Tento coar essa luz ou antiluz no Brasil enquanto os leio em meados

de 2022, época na qual o projeto iluminista agoniza sob uma política de

obscurantismo e morte. A incessante disputa política contamina todas as

sensações e pensamentos, ainda assim entendo que Sandra não pretende

deixar que os inimigos da cultura dominem a recepção de seus versos.

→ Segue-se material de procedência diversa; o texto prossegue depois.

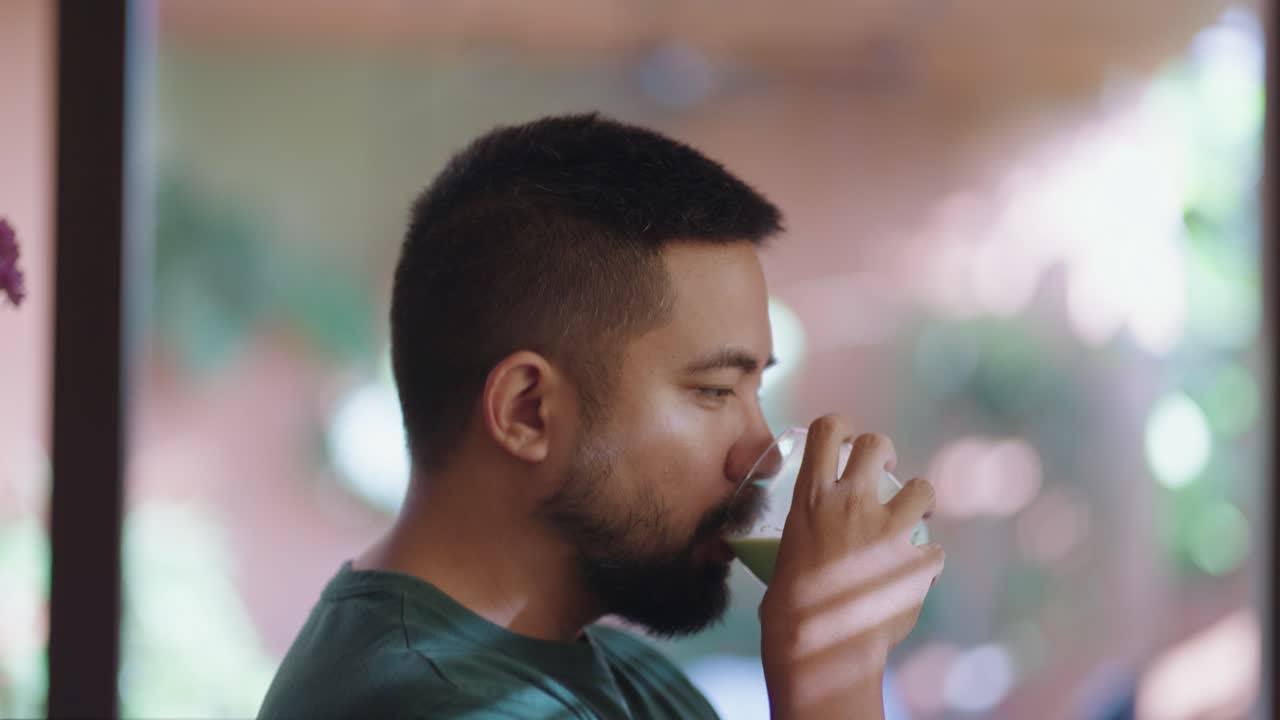 음료를 마시는 남자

Parece-me justo ater aos poemas da Sandra com um olhar mais sensível,

infenso às grosserias dos que sonharam um governo das trevas. É o próprio

embate político que me incita a buscar palavras que amanhecem, embora,

paradoxalmente, ecoem também estes versos de Salgado Maranhão:

Agora,/ na cidade da tua ausência/ outro dia/ desamanhece.

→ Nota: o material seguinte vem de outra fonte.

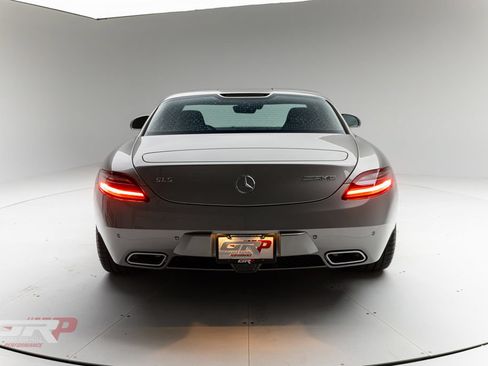 Used 2012 Mercedes-Benz SLS AMG Coupe image 4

(“Desamanhacer”, de A cor da Palavra).

Como no filme de Bergman, o livro de Ciccone Ginez se senta

diante da morte em um tabuleiro onde cada movimento pode colocar a

vida em xeque. Versos melancólicos como os do filme sueco, com

indagações sem resposta clara e cenas sombrias em contraste com as de

luz natural. Há jogo de xadrez, e o embate com a morte não se dá na

mente mais do que na carne: as estrelas brilham inversamente/ ao seu

corpo decomposto (“Verão”, O Selo da Morte). Augusto dos Anjos me vem

à lembrança em vários momentos do livro, pelas imagens de putrefação

que se conciliam com uma beleza sombria e insólita: Vida e morte se

encontram/ em um átimo (“Encontro”).

O corpo em caminha lentamente para a morte, aguentando-se

enquanto pode, assim como a poesia resiste à mil vezes vaticinada morte

da arte. A arte cambaleou mas não se deixou enterrar. Tomemos por

exemplo as pinturas de Francis Bacon. Por mais dolorosas que sejam, são

lições de que mesmo naquilo que agoniza há uma intensidade que nos

impele a reconhecer uma vitalidade sobrevivente.

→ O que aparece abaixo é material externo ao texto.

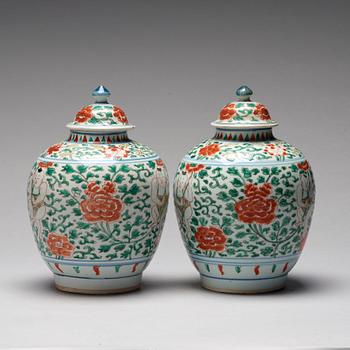 URNOR med LOCK, porslin. Transition, 1600-tal.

Volto aos poemas de Ciccone Ginez, que após as primeiras

tergiversações me cobram outro percurso. Mais do que um drible na

“morte da poesia”, o que seus versos me sussurram é que as referências à

morte física por vezes se embaralham com sugestões da perda de um

amor, é isso que intuo, cifrado em certas aparições da palavra morte. Nem

sempre é tão diferente o luto que se faz por um corpo sem vida e o luto

vivo pela perda do corpo a corpo com uma pessoa amada. Algo morre,

dentro de nós, quando alguém que ainda respira já não troca mais

conosco a intimidade de seus calores e haustos. Eu mesmo já chamei de

“D.R.s póstumas” a conversas que tive com algumas exs, enquanto

tentávamos elaborar, sem chance de retorno, relações impossíveis de

serem ressuscitadas. Essa fantasmagoria de um amor que se perdeu me

vem à mente quando leio, por exemplo, meu interesse póstumo/ em seu

abdome magro no poema “Terraço”.

Sandra tem muito presente a consciência da finitude, o memento

mori, o desgaste dos dias, a tendência à entropia em todos os corpos e

relações. Em “Retina”, vejo que mesmo quando um envolvimento a dois

está no começo, aqui não se almeja mais do que esperança de sobrevida,

ou seja, de adiamento da deterioração. Até mesmo o beijo que seria de

um primeiro encanto ocorre com prazo de validade: olhei seu sorriso com

datas/de chegada e partida/que beijei.

A morte, seja a morte biológica ou o término de ciclos vitais mais

subjetivos, é, para Ciccone Ginez, uma morte que pulsa, que é ativa,

avança, se move. Há um organismo da morte (em “Organismo”). Não é

uma força estática, e sim devoradora. A morte habita (“Mapa de

Artérias”), ocupa-se de nós com uma inquietude de moradora em plena

posse. Ciccone Ginez não teme o desafio heideggeriano de assumir o ser

humano como ser para a morte. Mais vale uma obra poética com forte

densidade existencial do que versos meramente belos, suaves, os quais

tendem a camuflar as nossas mais incontornáveis fatalidades. A morte se

guia/ pela constelação (“Veleiro”), ou seja, há um rumo, um destino certo,

nessa morte que se move, morte com norte.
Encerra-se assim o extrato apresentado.